-------- INPUT MATERIAL --------

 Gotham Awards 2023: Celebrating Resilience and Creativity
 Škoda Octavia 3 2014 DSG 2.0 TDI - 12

--------
-------- INPUT MATERIAL --------

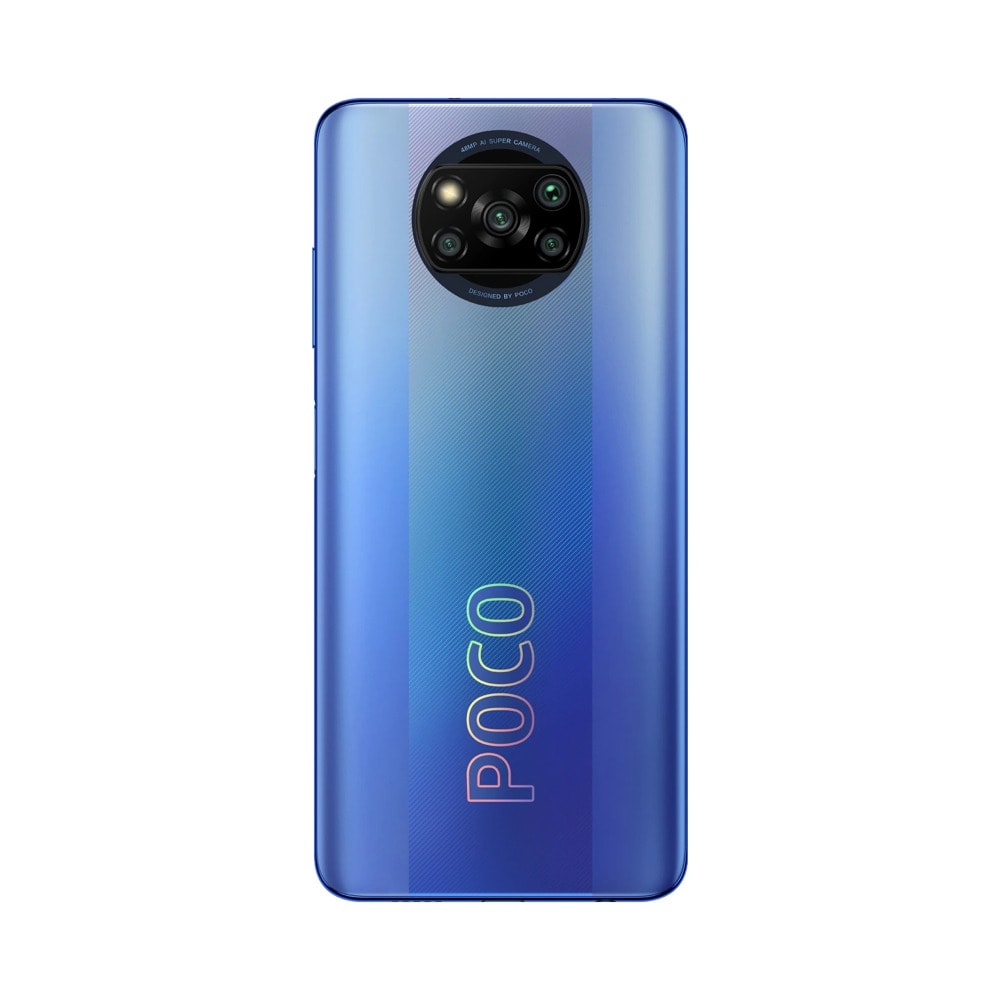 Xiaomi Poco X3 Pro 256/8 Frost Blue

--------

• _WORK TO BE COMPLETED_
Your reply is to repeat, unchanged, the lines above running from the one with "Gotham Awards 2023: Celebrating" up to and including the one with "Škoda Octavia 3 2014 DSG 2.0 TDI - 12".

• _WRITTEN ANSWER_
 Gotham Awards 2023: Celebrating Resilience and Creativity
 Škoda Octavia 3 2014 DSG 2.0 TDI - 12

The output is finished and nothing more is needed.